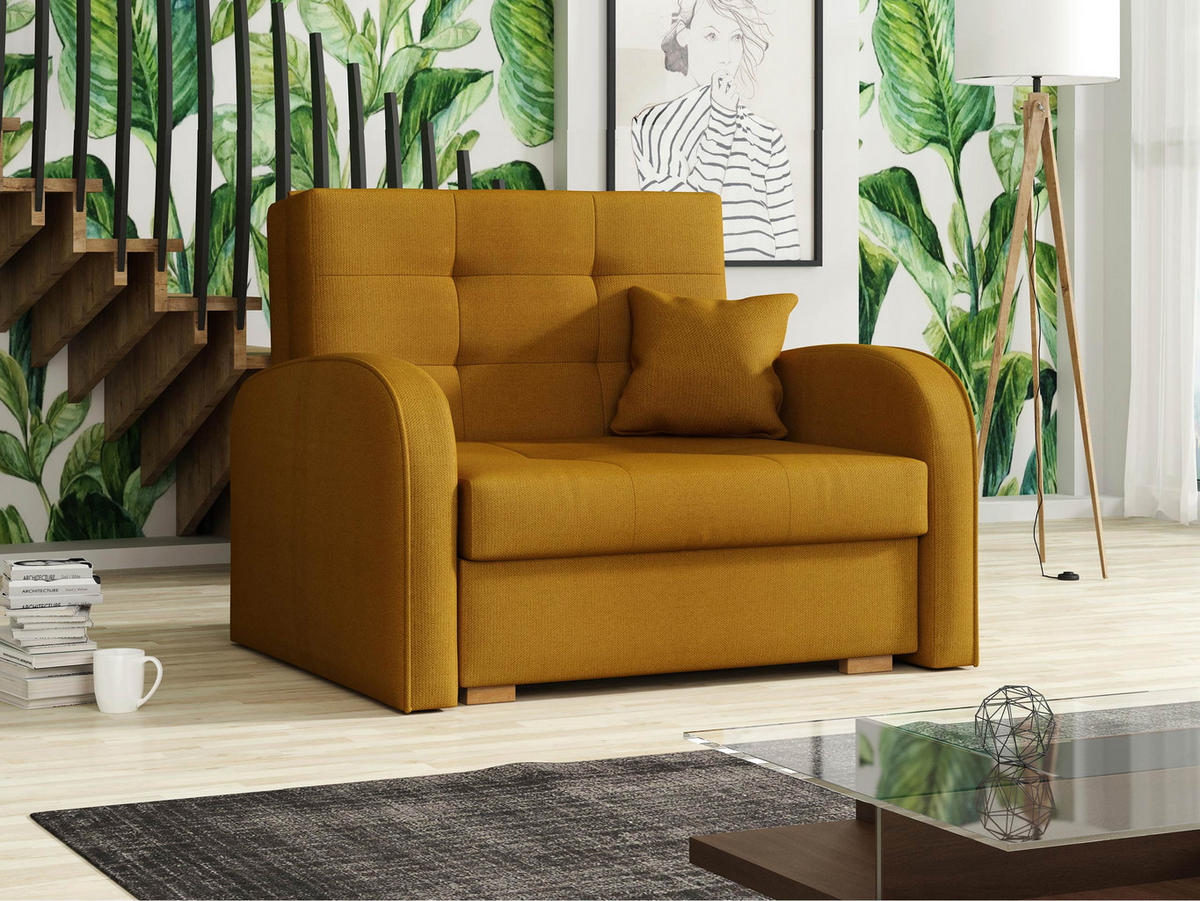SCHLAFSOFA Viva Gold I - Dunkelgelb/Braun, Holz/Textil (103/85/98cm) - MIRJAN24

● ● ● ● ●

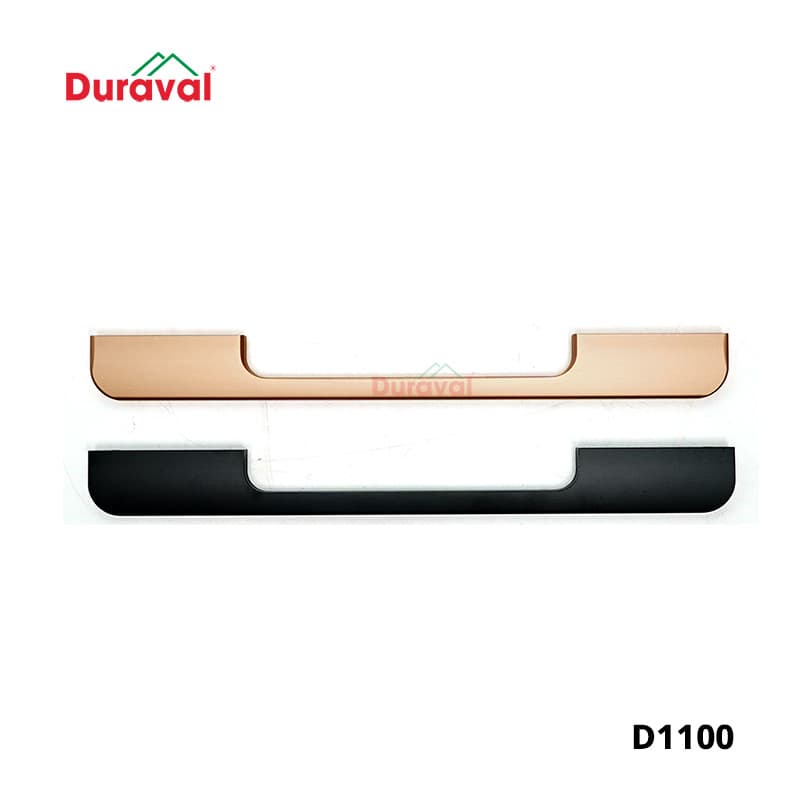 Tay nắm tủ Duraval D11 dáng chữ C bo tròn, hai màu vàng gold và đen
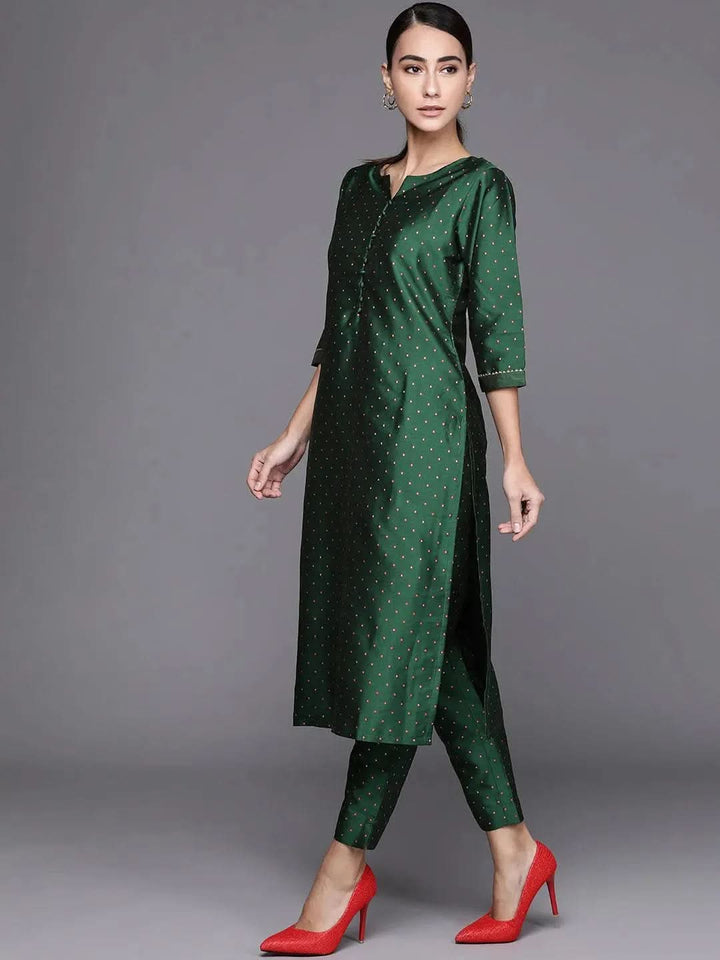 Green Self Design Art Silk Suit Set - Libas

● ● ● ● ●

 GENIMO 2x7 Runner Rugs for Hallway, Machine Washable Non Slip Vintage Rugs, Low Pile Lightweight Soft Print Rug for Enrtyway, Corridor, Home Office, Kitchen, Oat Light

● ● ● ● ●

Goal of the exercise -> An exact transcription is needed of the lines from the one with "Tay nắm tủ Duraval" to the one with "Green Self Design Art Silk Suit Set - Libas" above, both ends included, with pictures left out.

Response to the exercise ->
 Tay nắm tủ Duraval D11 dáng chữ C bo tròn, hai màu vàng gold và đen
 Green Self Design Art Silk Suit Set - Libas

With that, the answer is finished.